The War Over the Reform of US International Broadcasting

I’m catching up with a pile of reports so sorry if I’m behind the curve with this one.

In March the Woodrow Wilson Center put out a report on Reassessing US International Broadcasting. It’s based on interviews with a whole bunch of US public diplomacy veterans and other experts and reaches the conclusion that the current system is broken with too much duplication and too much autonomy from the needs of US foreign policy.

The report can be read in tribal terms; the authors, S. Enders Wimbush and Elizabeth Portale, were both associated with RFE/RL, and a main target seems to be Voice of America and its claims of ‘journalistic autonomy’, indeed there are couple of rebuttals here and here, and the outgoing VoA director struck back at what he saw as RFE/RL lobbying.   I’ve never found the VoA argument particularly persuasive but in reading the report I was more interested in the image of what USIB is for and the world that it operates in. The report has lots of quotes from its interviewees – which are not directly attributed – and on one hand the report suggests a high degree of consensus but on the other there are some interested divergences of opinion that the authors don’t pick up on and some themes that are quite noticeable to a foreigner but probably not so obvious inside the Beltway.

There’s a tendency in the report to slip from discussions of ‘them’ to ‘us’: for instance from ‘strategic narrative’ to ‘the American narrative’ to ‘telling America’s story to world’ which leads to statements like

‘There is a narrative to be built on how this country is based on the distrust of power’

This makes sense in an American domestic conversation but really sounds bizarre outside.

Another informant opines that we ‘should offer a narrative about ourselves that represents ourselves in the most complicated and vibrant and contradictory and boisterous way possible’ That’s the limit of what is possible in international communications – to create complexity where there was a monolithic, monochrome image.   I think this is right but there’s also a tendency to slip into a very simple, ideological story  about American values.
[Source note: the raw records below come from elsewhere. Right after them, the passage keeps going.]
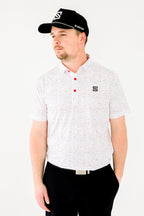 Red + Blue Drip Polo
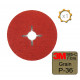 Disque fibre 3m 985 c diamètre 127 grain 36 x 1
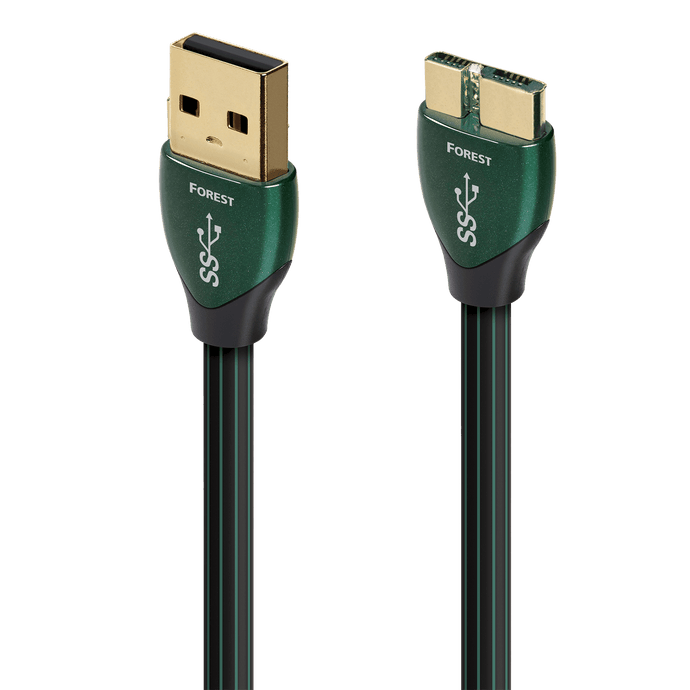audioquest-forest-usb-a-3-0-micro-b-3-0-kabel-0-5-silber image 2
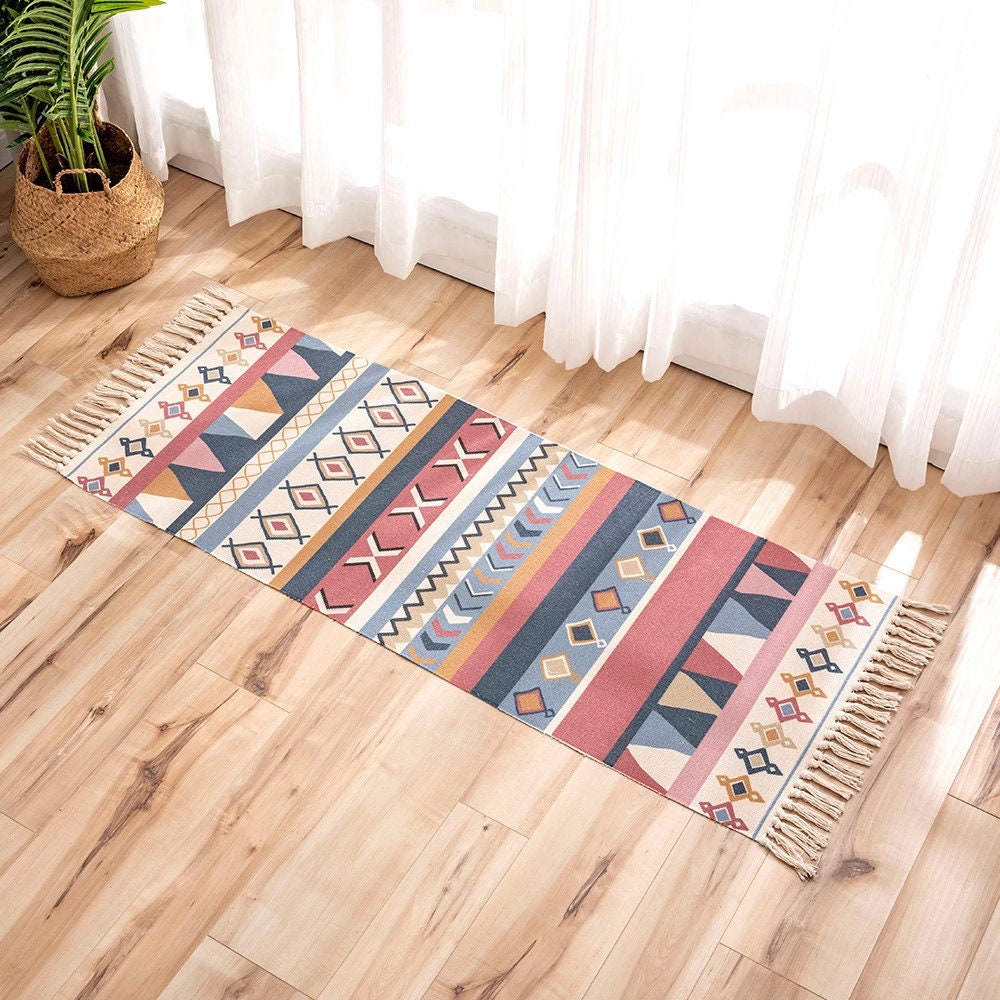 Great Carpet Runner Nordic Boho Style Minimalist Carpet Etsy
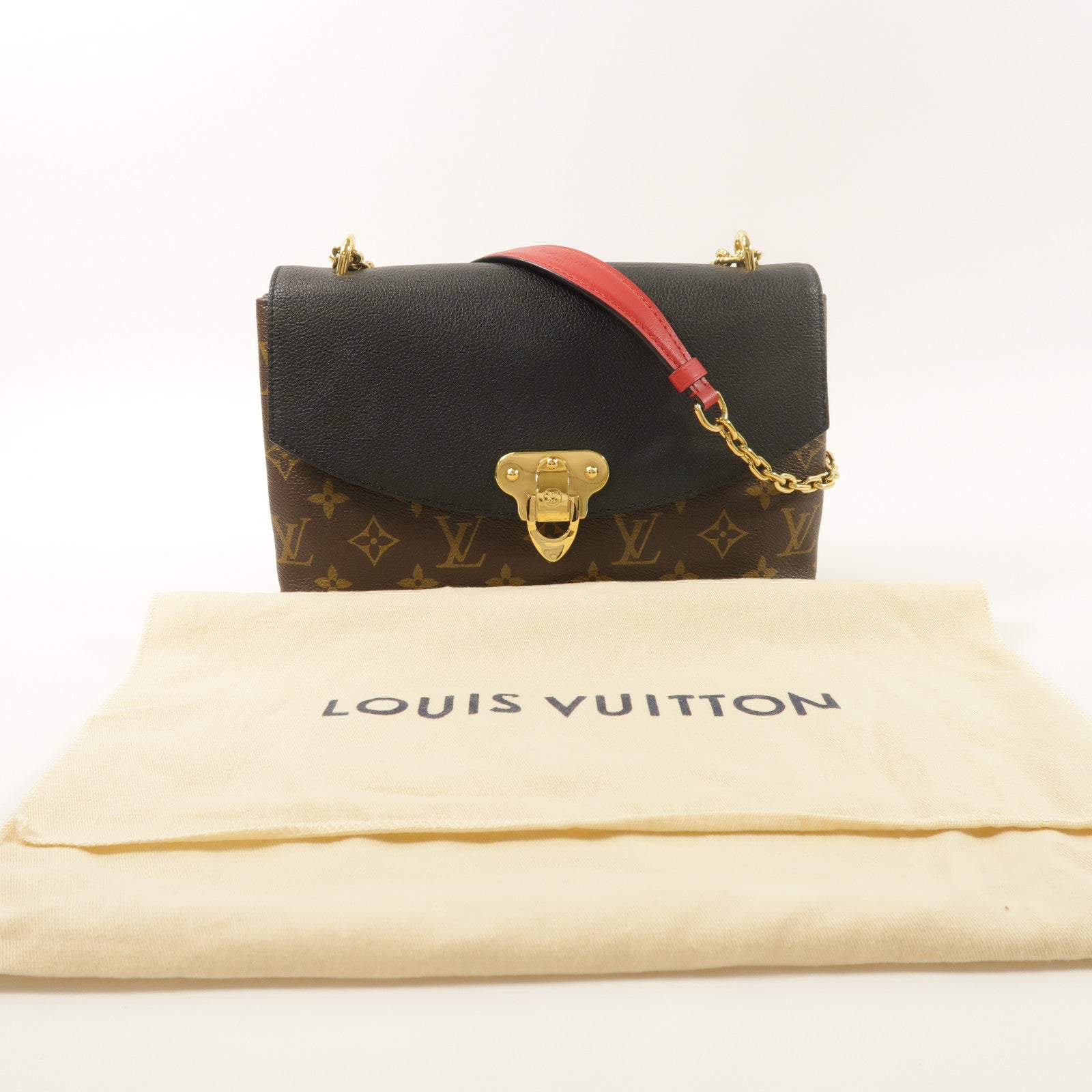 LOUIS VUITTON Monogram Saint Placide金扣鏈帶肩背袋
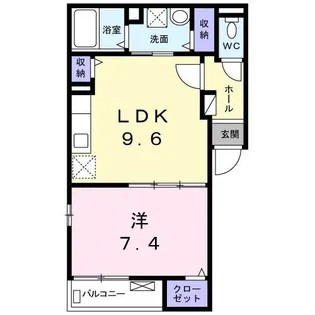 ソレイユメゾン【2階】の間取り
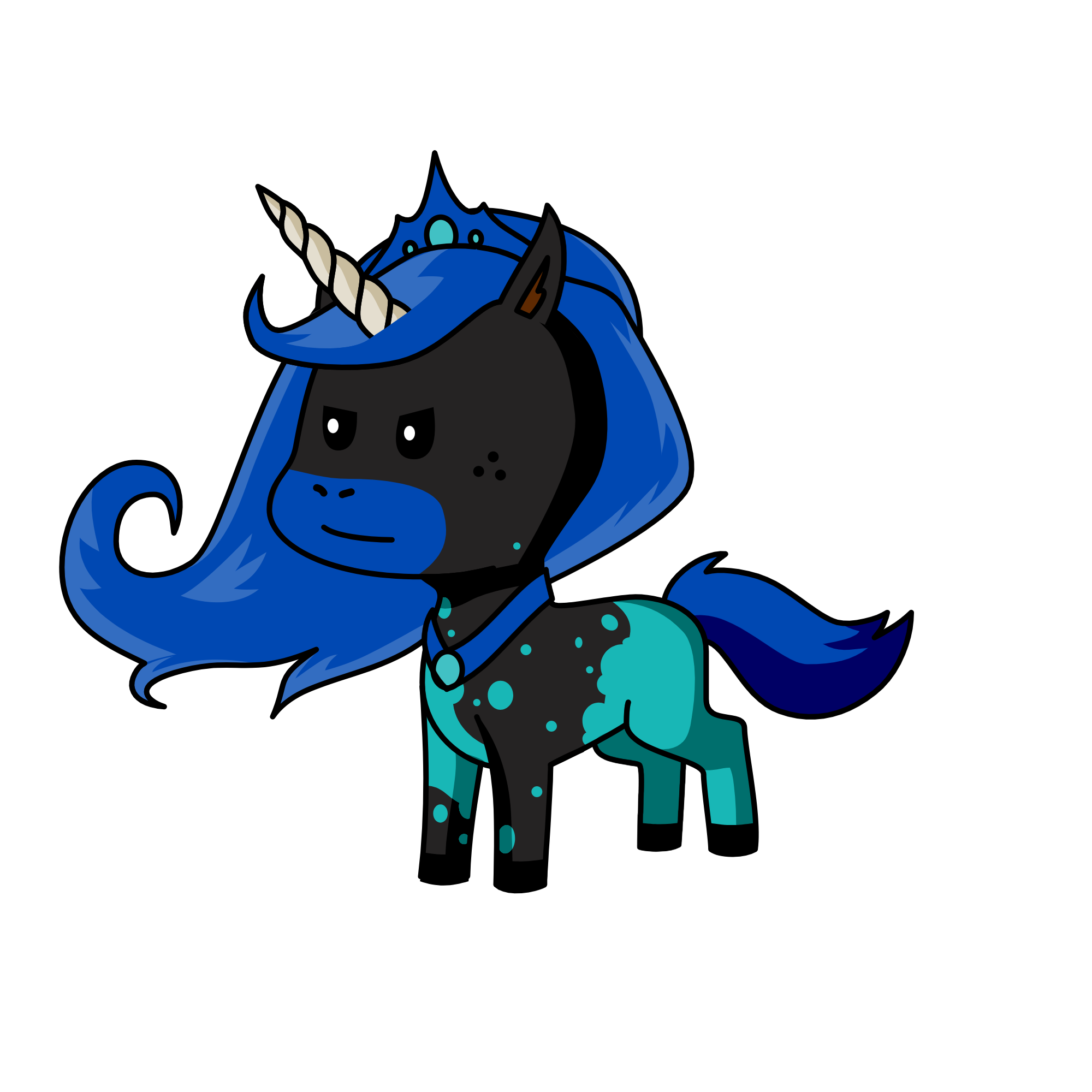 Nightmare Moon, the unicorn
A lot of the history of US public diplomacy during the Cold War was about managing the gap that foreigners see between ‘values’ talk and American reality, for instance on issues of race.

The report is supportive of the current reform package going through Congress but there’s a strong view that the whole system is obsolete and ought to be rebuilt from scratch but while the report recognizes the changing media and political environment is says that this rethinking is job for universities and think tanks.